**WORK REQUEST**
Could you restate the data word for word and drop the pictures?

*** LISTED RECORDS ***

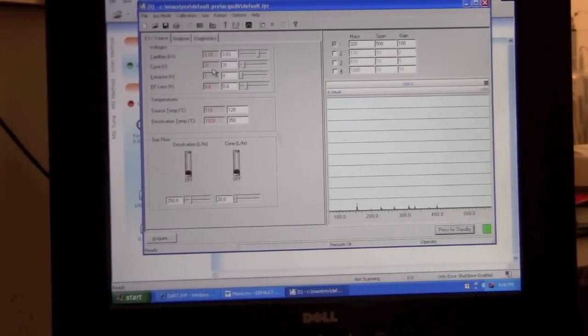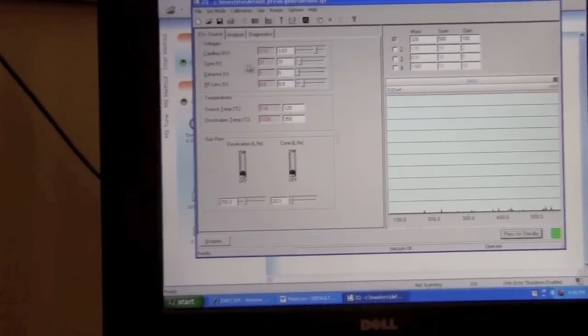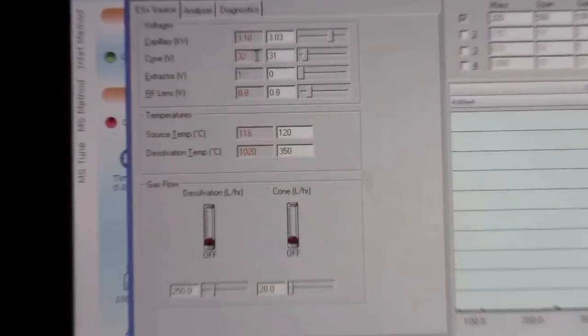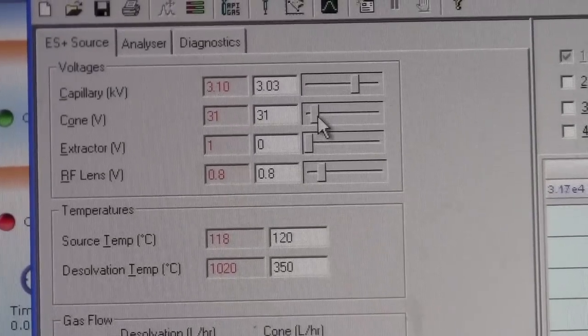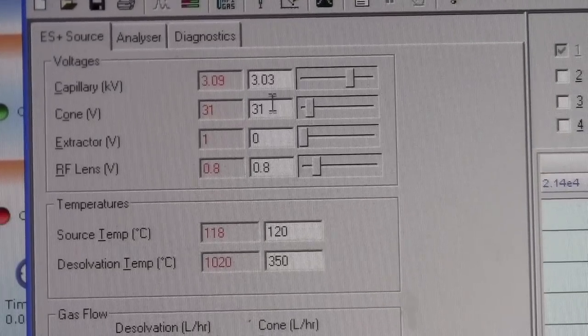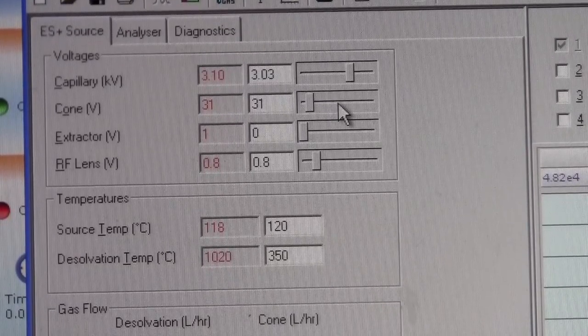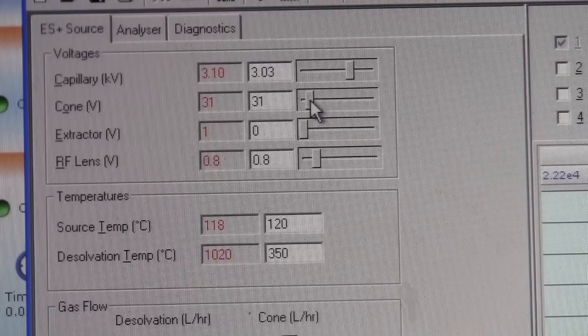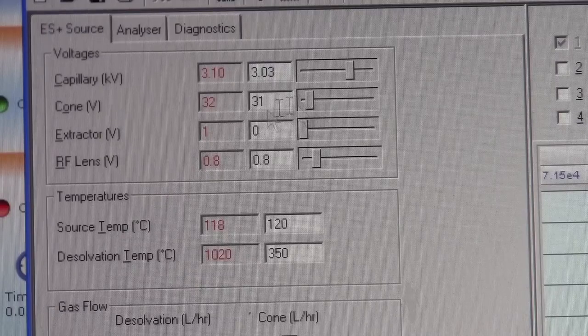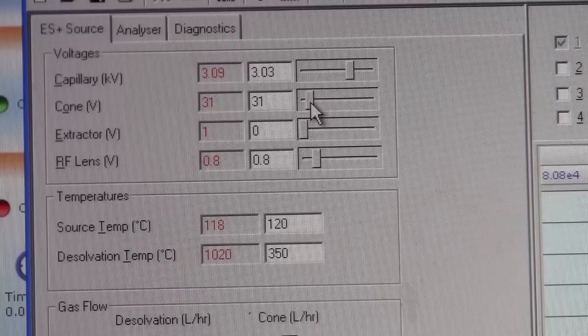The main setting that we want to adjust on this page is the cone voltage. The optimal setting will depend on your sample. Higher is better for some samples, lower is better for others. I'm going to leave it about 30 volts right now.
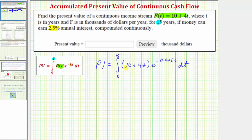For this problem, we're going to evaluate this on the TI-84 graphing calculator. To do this by hand, we'd have to distribute the exponential and then break it up into two separate integrals, where one integral would require u-substitution and the other would require integration by parts. Therefore, at this point, we are going to go to the calculator.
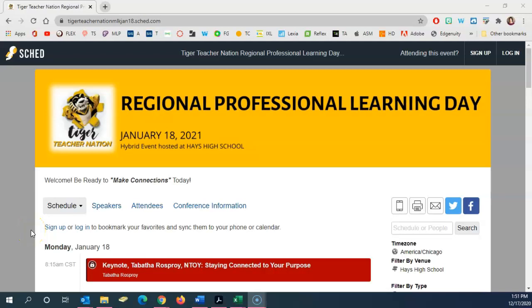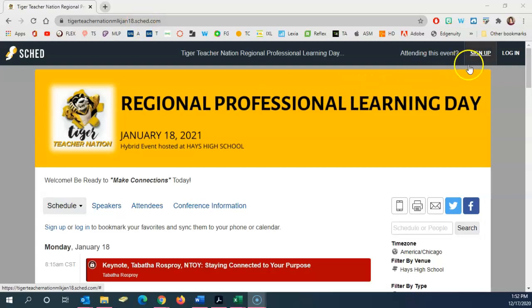Hello everyone, this is Marie Henderson. In this video, we'll look at signing up for a SCED account and then using it to access some of the conference information. I'm here at the Tiger Teacher Nation mlkjan18.sked.com website and I'm going to click here in the top right corner to sign up.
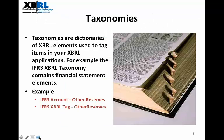Next, let's look at the importance of taxonomy. Where do those XBRL tags come from? They come from something called a taxonomy, which is like a dictionary — it has a list of XBRL elements used for tagging your XBRL applications. For example, IFRS (International Financial Reporting Standards) has its own XBRL taxonomy. An IFRS account called 'other reserves' would have the corresponding XBRL tag 'OtherReserves' with no space between the words.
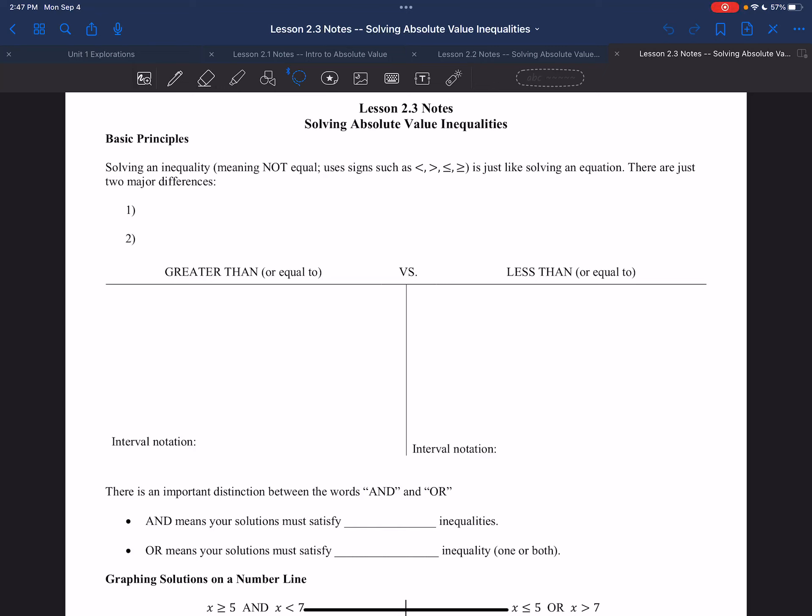All right, here we are again, back with another one on Lesson 2.3, Solving Absolute Value Inequalities.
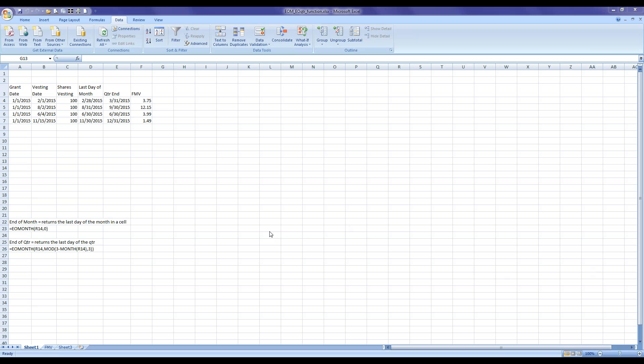Hi, my name is Julie Kenia and I'm with Stock and Options Solutions. Today I'm going to show you a very quick way to calculate the end of the month from a date that you may have in a different cell, such as here where we have vesting dates in column B, and we're going to try to return the end of the month within those vesting months.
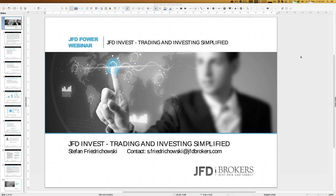Our special topics for today will be my personal JFD Invest account, where I follow a couple of strategies. We are already exceeding 40% growth within about six months, which is a remarkable result. We will also talk about last week's top performer — the strategy Archimedes — and explain what it does and why.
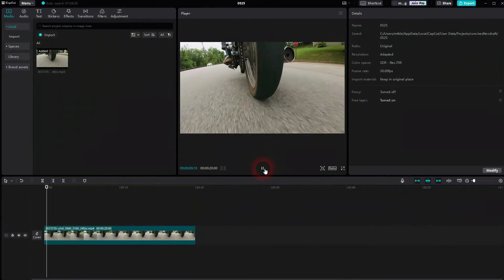Going back to CapCut, let me show you a quick dot silkscreen effect. We'll apply it to this motorbike footage.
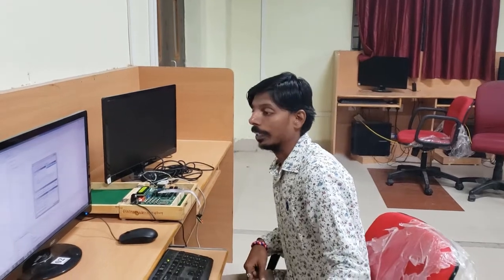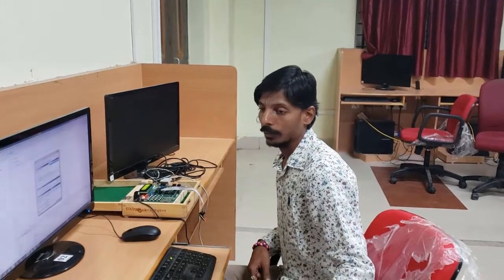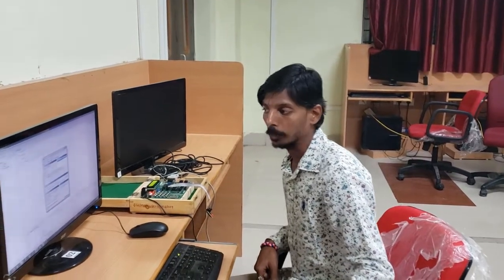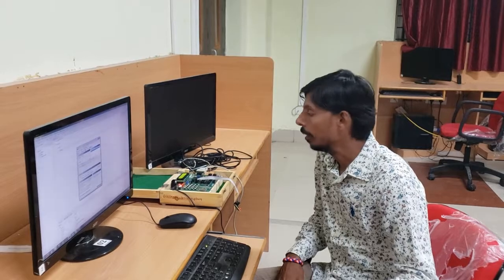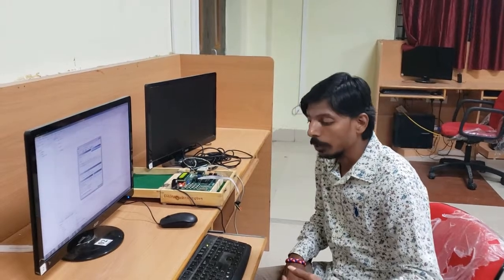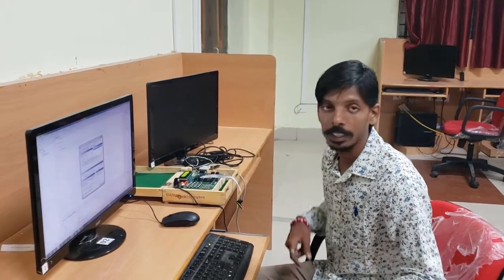Hey friends, our sir has finished the description of DIP switch and LED, so we are doing that experiment now.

*** End of LISTED RECORDS ***

**SOLUTION TO THIS EXERCISE**
The main setting that we want to adjust on this page is the cone voltage. The optimal setting will depend on your sample. Higher is better for some samples, lower is better for others. I'm going to leave it about 30 volts right now.
For this problem, we're going to evaluate this on the TI-84 graphing calculator. To do this by hand, we'd have to distribute the exponential and then break it up into two separate integrals, where one integral would require u-substitution and the other would require integration by parts. Therefore, at this point, we are going to go to the calculator.
Hello everyone, this is Marie Henderson. In this video, we'll look at signing up for a SCED account and then using it to access some of the conference information. I'm here at the Tiger Teacher Nation mlkjan18.sked.com website and I'm going to click here in the top right corner to sign up.
Next, let's look at the importance of taxonomy. Where do those XBRL tags come from? They come from something called a taxonomy, which is like a dictionary — it has a list of XBRL elements used for tagging your XBRL applications. For example, IFRS (International Financial Reporting Standards) has its own XBRL taxonomy. An IFRS account called 'other reserves' would have the corresponding XBRL tag 'OtherReserves' with no space between the words.
All right, here we are again, back with another one on Lesson 2.3, Solving Absolute Value Inequalities.
Hi, my name is Julie Kenia and I'm with Stock and Options Solutions. Today I'm going to show you a very quick way to calculate the end of the month from a date that you may have in a different cell, such as here where we have vesting dates in column B, and we're going to try to return the end of the month within those vesting months.
Our special topics for today will be my personal JFD Invest account, where I follow a couple of strategies. We are already exceeding 40% growth within about six months, which is a remarkable result. We will also talk about last week's top performer — the strategy Archimedes — and explain what it does and why.
Going back to CapCut, let me show you a quick dot silkscreen effect. We'll apply it to this motorbike footage.
Hey friends, our sir has finished the description of DIP switch and LED, so we are doing that experiment now.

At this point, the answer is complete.